##### Records for this task #####

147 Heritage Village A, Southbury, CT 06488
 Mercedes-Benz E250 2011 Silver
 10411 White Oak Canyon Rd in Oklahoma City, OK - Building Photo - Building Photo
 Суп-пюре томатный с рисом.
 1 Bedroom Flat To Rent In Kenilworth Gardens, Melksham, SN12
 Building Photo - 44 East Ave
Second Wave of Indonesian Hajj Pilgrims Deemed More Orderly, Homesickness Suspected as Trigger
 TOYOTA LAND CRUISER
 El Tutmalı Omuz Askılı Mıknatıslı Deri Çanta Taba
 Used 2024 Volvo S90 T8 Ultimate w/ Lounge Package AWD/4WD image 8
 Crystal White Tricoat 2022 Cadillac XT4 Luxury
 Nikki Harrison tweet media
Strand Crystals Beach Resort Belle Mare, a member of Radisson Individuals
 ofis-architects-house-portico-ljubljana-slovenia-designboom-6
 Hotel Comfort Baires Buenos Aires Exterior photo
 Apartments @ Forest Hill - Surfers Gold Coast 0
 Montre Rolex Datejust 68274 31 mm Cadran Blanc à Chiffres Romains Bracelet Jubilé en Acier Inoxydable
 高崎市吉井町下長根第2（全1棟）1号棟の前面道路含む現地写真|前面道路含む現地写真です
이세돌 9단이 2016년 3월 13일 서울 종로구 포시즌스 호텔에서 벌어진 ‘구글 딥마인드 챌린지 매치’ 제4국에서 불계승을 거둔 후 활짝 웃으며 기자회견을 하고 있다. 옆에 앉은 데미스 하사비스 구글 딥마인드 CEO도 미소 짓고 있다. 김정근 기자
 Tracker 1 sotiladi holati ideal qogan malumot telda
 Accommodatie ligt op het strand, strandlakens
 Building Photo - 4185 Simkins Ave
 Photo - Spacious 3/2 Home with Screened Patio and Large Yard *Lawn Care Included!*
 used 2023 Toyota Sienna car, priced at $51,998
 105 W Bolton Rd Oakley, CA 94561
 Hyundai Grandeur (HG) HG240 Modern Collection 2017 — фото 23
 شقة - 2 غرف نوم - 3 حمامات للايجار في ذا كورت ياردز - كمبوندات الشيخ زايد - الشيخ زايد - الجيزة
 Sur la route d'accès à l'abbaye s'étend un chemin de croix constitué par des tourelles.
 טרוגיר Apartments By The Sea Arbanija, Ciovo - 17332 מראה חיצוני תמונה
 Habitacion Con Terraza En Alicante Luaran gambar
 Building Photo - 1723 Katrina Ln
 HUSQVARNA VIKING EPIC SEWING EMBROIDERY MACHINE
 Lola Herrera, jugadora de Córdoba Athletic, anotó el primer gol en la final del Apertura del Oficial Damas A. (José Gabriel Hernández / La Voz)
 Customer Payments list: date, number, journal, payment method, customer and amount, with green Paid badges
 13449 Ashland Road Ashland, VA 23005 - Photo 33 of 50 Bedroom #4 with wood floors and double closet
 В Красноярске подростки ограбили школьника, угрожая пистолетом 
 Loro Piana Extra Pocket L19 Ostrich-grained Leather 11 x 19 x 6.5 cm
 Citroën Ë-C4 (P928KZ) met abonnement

#####

_Exercise objective_
Copy out the listing above, line by line and exactly, from its first line to the line holding "Sur la route", inclusive.

_Written response_
147 Heritage Village A, Southbury, CT 06488
 Mercedes-Benz E250 2011 Silver
 10411 White Oak Canyon Rd in Oklahoma City, OK - Building Photo - Building Photo
 Суп-пюре томатный с рисом.
 1 Bedroom Flat To Rent In Kenilworth Gardens, Melksham, SN12
 Building Photo - 44 East Ave
Second Wave of Indonesian Hajj Pilgrims Deemed More Orderly, Homesickness Suspected as Trigger
 TOYOTA LAND CRUISER
 El Tutmalı Omuz Askılı Mıknatıslı Deri Çanta Taba
 Used 2024 Volvo S90 T8 Ultimate w/ Lounge Package AWD/4WD image 8
 Crystal White Tricoat 2022 Cadillac XT4 Luxury
 Nikki Harrison tweet media
Strand Crystals Beach Resort Belle Mare, a member of Radisson Individuals
 ofis-architects-house-portico-ljubljana-slovenia-designboom-6
 Hotel Comfort Baires Buenos Aires Exterior photo
 Apartments @ Forest Hill - Surfers Gold Coast 0
 Montre Rolex Datejust 68274 31 mm Cadran Blanc à Chiffres Romains Bracelet Jubilé en Acier Inoxydable
 高崎市吉井町下長根第2（全1棟）1号棟の前面道路含む現地写真|前面道路含む現地写真です
이세돌 9단이 2016년 3월 13일 서울 종로구 포시즌스 호텔에서 벌어진 ‘구글 딥마인드 챌린지 매치’ 제4국에서 불계승을 거둔 후 활짝 웃으며 기자회견을 하고 있다. 옆에 앉은 데미스 하사비스 구글 딥마인드 CEO도 미소 짓고 있다. 김정근 기자
 Tracker 1 sotiladi holati ideal qogan malumot telda
 Accommodatie ligt op het strand, strandlakens
 Building Photo - 4185 Simkins Ave
 Photo - Spacious 3/2 Home with Screened Patio and Large Yard *Lawn Care Included!*
 used 2023 Toyota Sienna car, priced at $51,998
 105 W Bolton Rd Oakley, CA 94561
 Hyundai Grandeur (HG) HG240 Modern Collection 2017 — фото 23
 شقة - 2 غرف نوم - 3 حمامات للايجار في ذا كورت ياردز - كمبوندات الشيخ زايد - الشيخ زايد - الجيزة
 Sur la route d'accès à l'abbaye s'étend un chemin de croix constitué par des tourelles.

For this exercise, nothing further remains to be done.